After 35 years of residence on our Enchanted Island, I’ve witnessed many physical, cultural and attitudinal changes. But so many of the long-standing jewels of our crown city remain, thankfully, intact. Our extraordinary weather is still the best I’ve ever experienced, after living in all corners of the world. Our beach continues to be voted one of the best in the whole world. Neighbors know, greet and care for one another. Still some things have changed with the times, technology and economy. And some changes are anticipated with hope, such as underground utilities.
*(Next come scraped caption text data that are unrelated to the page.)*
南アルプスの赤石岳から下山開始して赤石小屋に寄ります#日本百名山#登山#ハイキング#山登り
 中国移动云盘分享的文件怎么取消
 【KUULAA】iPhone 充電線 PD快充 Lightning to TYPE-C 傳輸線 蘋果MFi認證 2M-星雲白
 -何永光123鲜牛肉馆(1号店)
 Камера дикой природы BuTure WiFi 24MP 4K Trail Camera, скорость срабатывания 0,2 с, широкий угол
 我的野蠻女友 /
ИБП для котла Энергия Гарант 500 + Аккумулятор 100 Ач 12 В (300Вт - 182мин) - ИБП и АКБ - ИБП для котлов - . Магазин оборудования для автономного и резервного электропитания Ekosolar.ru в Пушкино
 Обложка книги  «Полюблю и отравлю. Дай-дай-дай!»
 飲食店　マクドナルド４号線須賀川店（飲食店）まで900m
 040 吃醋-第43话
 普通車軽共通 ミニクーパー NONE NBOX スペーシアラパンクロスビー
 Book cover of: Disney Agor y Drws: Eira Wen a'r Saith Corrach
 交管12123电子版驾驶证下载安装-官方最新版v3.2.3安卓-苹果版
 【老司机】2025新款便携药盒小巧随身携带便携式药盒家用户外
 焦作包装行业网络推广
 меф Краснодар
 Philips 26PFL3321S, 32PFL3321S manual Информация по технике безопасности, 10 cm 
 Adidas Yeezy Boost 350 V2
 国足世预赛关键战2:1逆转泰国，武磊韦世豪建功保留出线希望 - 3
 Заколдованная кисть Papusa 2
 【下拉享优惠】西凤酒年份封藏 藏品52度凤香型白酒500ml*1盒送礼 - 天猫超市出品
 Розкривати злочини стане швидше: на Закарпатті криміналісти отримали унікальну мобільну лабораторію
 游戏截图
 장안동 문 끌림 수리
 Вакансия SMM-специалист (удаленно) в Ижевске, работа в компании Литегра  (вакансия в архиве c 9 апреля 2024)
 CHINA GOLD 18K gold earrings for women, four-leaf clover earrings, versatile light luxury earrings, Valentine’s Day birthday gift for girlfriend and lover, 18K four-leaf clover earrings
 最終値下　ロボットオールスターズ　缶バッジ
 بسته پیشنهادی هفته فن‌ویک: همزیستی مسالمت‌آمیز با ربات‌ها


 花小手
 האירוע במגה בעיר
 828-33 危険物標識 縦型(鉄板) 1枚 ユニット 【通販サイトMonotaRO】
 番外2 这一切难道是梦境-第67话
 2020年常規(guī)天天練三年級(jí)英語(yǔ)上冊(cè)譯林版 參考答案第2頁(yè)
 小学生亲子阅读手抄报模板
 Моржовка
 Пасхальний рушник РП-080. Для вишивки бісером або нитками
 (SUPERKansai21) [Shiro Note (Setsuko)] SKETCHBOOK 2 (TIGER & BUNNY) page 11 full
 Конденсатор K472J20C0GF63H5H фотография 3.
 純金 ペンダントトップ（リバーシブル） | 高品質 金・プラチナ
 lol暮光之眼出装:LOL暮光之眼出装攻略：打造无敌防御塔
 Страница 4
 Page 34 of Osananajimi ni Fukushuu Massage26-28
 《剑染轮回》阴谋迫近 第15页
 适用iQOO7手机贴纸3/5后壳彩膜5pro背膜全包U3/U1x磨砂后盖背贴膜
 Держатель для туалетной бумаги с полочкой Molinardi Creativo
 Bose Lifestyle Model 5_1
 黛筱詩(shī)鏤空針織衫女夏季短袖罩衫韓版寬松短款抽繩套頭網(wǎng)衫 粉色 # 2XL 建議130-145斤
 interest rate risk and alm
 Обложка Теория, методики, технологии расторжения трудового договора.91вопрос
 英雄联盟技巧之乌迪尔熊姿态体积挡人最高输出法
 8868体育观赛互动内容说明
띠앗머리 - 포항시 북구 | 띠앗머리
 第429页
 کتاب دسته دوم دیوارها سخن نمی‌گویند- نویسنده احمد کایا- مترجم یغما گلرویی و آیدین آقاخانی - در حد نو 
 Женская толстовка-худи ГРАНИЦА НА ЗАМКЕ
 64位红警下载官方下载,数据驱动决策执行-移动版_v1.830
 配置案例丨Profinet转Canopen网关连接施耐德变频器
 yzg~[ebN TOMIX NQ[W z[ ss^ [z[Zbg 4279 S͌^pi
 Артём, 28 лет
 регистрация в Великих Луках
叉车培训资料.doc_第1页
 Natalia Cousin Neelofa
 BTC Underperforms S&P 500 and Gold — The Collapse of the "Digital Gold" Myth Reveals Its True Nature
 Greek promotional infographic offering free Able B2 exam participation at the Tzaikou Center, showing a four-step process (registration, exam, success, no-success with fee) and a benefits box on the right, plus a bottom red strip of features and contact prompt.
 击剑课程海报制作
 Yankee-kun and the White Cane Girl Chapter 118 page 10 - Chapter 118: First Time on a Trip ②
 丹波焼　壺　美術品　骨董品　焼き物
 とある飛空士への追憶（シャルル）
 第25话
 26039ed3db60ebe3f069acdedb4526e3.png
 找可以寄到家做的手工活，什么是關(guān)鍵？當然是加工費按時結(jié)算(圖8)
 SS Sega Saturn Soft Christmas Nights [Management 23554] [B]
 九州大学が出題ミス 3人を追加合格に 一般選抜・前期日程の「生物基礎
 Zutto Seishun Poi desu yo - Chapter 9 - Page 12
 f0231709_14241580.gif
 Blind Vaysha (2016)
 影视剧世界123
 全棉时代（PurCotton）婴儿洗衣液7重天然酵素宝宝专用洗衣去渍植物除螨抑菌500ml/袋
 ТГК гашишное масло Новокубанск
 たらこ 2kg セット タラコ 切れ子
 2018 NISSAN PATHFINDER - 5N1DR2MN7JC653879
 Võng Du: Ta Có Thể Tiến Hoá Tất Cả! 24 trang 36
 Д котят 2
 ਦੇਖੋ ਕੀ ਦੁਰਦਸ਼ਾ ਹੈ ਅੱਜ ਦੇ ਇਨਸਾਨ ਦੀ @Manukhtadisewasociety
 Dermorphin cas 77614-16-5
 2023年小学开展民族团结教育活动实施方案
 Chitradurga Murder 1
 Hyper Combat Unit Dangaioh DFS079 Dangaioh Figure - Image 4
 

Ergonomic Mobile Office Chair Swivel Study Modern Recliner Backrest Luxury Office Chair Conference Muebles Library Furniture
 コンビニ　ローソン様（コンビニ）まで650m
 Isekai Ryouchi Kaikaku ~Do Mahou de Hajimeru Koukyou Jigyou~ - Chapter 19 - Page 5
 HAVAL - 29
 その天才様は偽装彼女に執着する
As I contemplate change, I am steadfast in my analysis of it, by what results are wished for and/or garnered from any change or prospect of change. For instance, will a new law serve the safety and well-being of the community? Could a new building project be a boost to the local community while preserving the Coronado charm that is such a part of our tradition and such a draw to out-siders. Of course, as a retired military professional, cost analysis is always a concern when proposing changes. Even in a city with a proud and enviable position of operating in the black, common sense should continue to be a part of the decision making process when forming change ideas. That is to say, keeping at the forefront of any proposed change is the hoped-for measurable benefit to the community that the change is to serve

I have recently learned of a proposed change at our Coronado Police Department. Our men and women in blue are so valued and loved by our community, including this author. However, spending thousands of dollars in order to change our officers’ uniform arm patches, buckles and nametags seems to vacate any of the common sense of positive cost-benefit analysis. Of particular concern and insult is the proposal to remove the Hotel del Coronado emblem on the sleeve patches of the police uniform. As the Del is the origin of our community, along with is extraordinary historical value as a designated landmark, I find it unconscionable to even contemplate such an offensive change. I understand that only about three members of our police force are actually residents of Coronado, but it is in fact the Coronado residents and tax payers that they are sworn to serve. As a very involved and concerned Coronado resident, I can’t imagine any benefit whatsoever that removing our beloved Hotel Del’s symbol from our officers’ arms can possible achieve. I am aware of some much more needed changes that would increase the police force’s technical proficiency which would garner better protection for our citizens. Surely common sense and historical respect can be employed by the Coronado Police. This citizen says, ‘Allow our officers’ wonderful uniforms to continue displaying that appropriate and respectful tribute to our honored community, and spend the money on changes that reflect the desires of its residents, and that will in fact result in a measurable benefit.’